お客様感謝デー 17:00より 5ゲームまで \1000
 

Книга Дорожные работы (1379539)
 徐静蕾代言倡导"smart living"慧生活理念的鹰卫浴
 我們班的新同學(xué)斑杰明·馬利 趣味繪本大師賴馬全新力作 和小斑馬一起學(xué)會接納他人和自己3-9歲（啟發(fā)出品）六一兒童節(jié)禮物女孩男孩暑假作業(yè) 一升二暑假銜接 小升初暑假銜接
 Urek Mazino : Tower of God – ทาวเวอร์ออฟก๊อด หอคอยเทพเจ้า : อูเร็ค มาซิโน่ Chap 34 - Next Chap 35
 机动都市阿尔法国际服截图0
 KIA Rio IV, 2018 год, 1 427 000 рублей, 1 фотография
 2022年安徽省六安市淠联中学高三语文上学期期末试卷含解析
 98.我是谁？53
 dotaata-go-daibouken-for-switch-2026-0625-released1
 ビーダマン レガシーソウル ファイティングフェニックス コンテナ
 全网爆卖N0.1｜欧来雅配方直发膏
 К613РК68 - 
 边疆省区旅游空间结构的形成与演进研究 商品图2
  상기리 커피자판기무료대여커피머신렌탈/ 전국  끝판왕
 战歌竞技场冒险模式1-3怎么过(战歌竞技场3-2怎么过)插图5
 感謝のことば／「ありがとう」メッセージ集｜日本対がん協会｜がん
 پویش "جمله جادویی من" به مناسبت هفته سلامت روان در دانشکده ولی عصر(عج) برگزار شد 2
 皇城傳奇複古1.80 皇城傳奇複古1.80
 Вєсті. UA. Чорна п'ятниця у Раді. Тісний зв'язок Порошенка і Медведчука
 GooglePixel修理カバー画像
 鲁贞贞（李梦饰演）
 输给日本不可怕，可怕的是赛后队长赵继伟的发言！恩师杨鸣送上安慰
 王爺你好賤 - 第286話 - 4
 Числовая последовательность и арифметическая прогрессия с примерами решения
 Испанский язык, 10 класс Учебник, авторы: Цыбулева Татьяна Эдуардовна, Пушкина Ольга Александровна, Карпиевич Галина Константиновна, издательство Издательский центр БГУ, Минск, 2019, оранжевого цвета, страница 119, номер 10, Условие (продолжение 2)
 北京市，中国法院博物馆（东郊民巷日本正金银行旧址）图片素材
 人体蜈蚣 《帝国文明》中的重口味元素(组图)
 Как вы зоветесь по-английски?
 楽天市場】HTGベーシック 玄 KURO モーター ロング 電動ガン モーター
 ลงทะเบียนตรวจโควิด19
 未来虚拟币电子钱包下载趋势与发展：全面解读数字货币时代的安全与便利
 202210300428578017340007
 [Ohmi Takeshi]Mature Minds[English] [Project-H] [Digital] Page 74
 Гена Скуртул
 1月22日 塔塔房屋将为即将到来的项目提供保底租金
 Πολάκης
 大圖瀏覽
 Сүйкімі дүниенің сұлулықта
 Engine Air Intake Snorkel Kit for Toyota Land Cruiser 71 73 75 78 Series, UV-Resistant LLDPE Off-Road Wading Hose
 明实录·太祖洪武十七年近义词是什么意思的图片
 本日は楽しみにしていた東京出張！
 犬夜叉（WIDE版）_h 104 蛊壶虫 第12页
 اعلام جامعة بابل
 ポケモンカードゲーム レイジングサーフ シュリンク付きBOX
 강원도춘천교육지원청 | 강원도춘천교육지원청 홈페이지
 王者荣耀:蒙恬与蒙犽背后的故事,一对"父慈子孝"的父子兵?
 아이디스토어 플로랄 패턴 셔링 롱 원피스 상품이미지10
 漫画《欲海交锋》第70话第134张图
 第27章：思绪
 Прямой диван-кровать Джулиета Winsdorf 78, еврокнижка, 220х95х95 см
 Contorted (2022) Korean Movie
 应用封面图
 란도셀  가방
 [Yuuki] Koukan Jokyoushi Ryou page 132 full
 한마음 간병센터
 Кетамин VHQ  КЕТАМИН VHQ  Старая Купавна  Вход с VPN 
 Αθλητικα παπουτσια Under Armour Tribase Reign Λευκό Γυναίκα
══════
▶ Work task
Beginning with the line that contains "皇城傳奇複古1.80 皇城傳奇複古1.80", each line of the records above through the last one must be printed word for word.

▶ Answer area
 皇城傳奇複古1.80 皇城傳奇複古1.80
 Вєсті. UA. Чорна п'ятниця у Раді. Тісний зв'язок Порошенка і Медведчука
 GooglePixel修理カバー画像
 鲁贞贞（李梦饰演）
 输给日本不可怕，可怕的是赛后队长赵继伟的发言！恩师杨鸣送上安慰
 王爺你好賤 - 第286話 - 4
 Числовая последовательность и арифметическая прогрессия с примерами решения
 Испанский язык, 10 класс Учебник, авторы: Цыбулева Татьяна Эдуардовна, Пушкина Ольга Александровна, Карпиевич Галина Константиновна, издательство Издательский центр БГУ, Минск, 2019, оранжевого цвета, страница 119, номер 10, Условие (продолжение 2)
 北京市，中国法院博物馆（东郊民巷日本正金银行旧址）图片素材
 人体蜈蚣 《帝国文明》中的重口味元素(组图)
 Как вы зоветесь по-английски?
 楽天市場】HTGベーシック 玄 KURO モーター ロング 電動ガン モーター
 ลงทะเบียนตรวจโควิด19
 未来虚拟币电子钱包下载趋势与发展：全面解读数字货币时代的安全与便利
 202210300428578017340007
 [Ohmi Takeshi]Mature Minds[English] [Project-H] [Digital] Page 74
 Гена Скуртул
 1月22日 塔塔房屋将为即将到来的项目提供保底租金
 Πολάκης
 大圖瀏覽
 Сүйкімі дүниенің сұлулықта
 Engine Air Intake Snorkel Kit for Toyota Land Cruiser 71 73 75 78 Series, UV-Resistant LLDPE Off-Road Wading Hose
 明实录·太祖洪武十七年近义词是什么意思的图片
 本日は楽しみにしていた東京出張！
 犬夜叉（WIDE版）_h 104 蛊壶虫 第12页
 اعلام جامعة بابل
 ポケモンカードゲーム レイジングサーフ シュリンク付きBOX
 강원도춘천교육지원청 | 강원도춘천교육지원청 홈페이지
 王者荣耀:蒙恬与蒙犽背后的故事,一对"父慈子孝"的父子兵?
 아이디스토어 플로랄 패턴 셔링 롱 원피스 상품이미지10
 漫画《欲海交锋》第70话第134张图
 第27章：思绪
 Прямой диван-кровать Джулиета Winsdorf 78, еврокнижка, 220х95х95 см
 Contorted (2022) Korean Movie
 应用封面图
 란도셀  가방
 [Yuuki] Koukan Jokyoushi Ryou page 132 full
 한마음 간병센터
 Кетамин VHQ  КЕТАМИН VHQ  Старая Купавна  Вход с VPN 
 Αθλητικα παπουτσια Under Armour Tribase Reign Λευκό Γυναίκα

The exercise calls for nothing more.